# [What you need to do]
Leave the pictures out and write out the rest of the listing word for word.

# [The data]

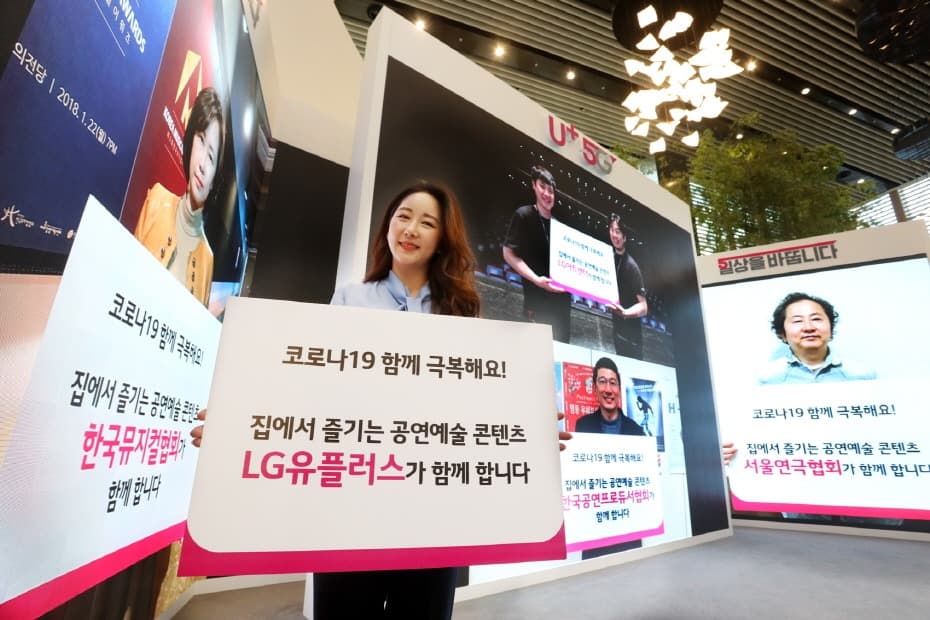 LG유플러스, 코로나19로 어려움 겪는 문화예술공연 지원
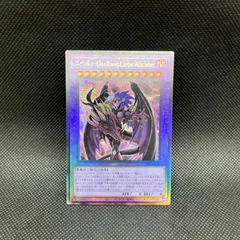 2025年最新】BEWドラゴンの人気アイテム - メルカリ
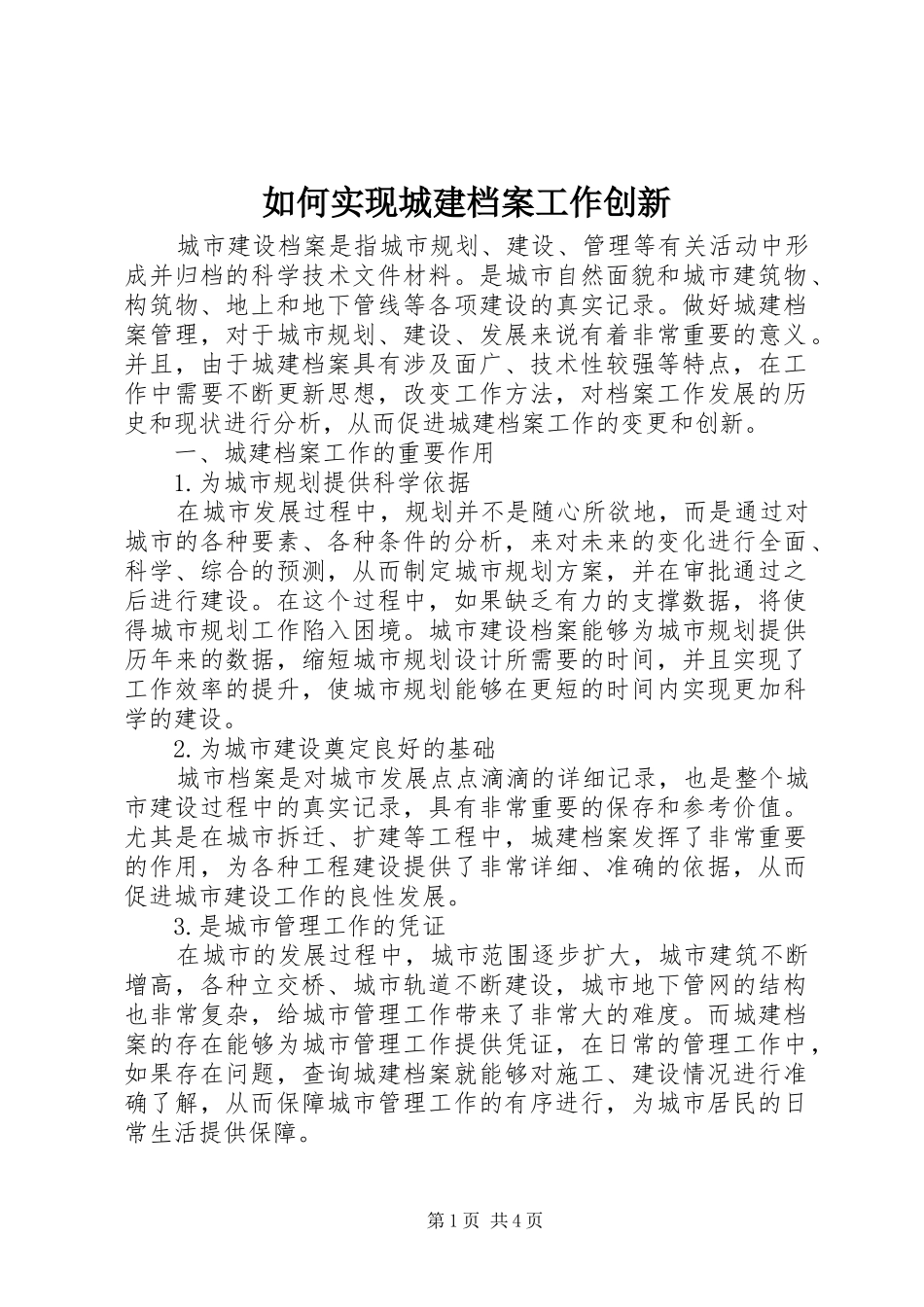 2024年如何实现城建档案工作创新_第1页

# [Completed exercise]
 LG유플러스, 코로나19로 어려움 겪는 문화예술공연 지원
 2025年最新】BEWドラゴンの人気アイテム - メルカリ
 2024年如何实现城建档案工作创新_第1页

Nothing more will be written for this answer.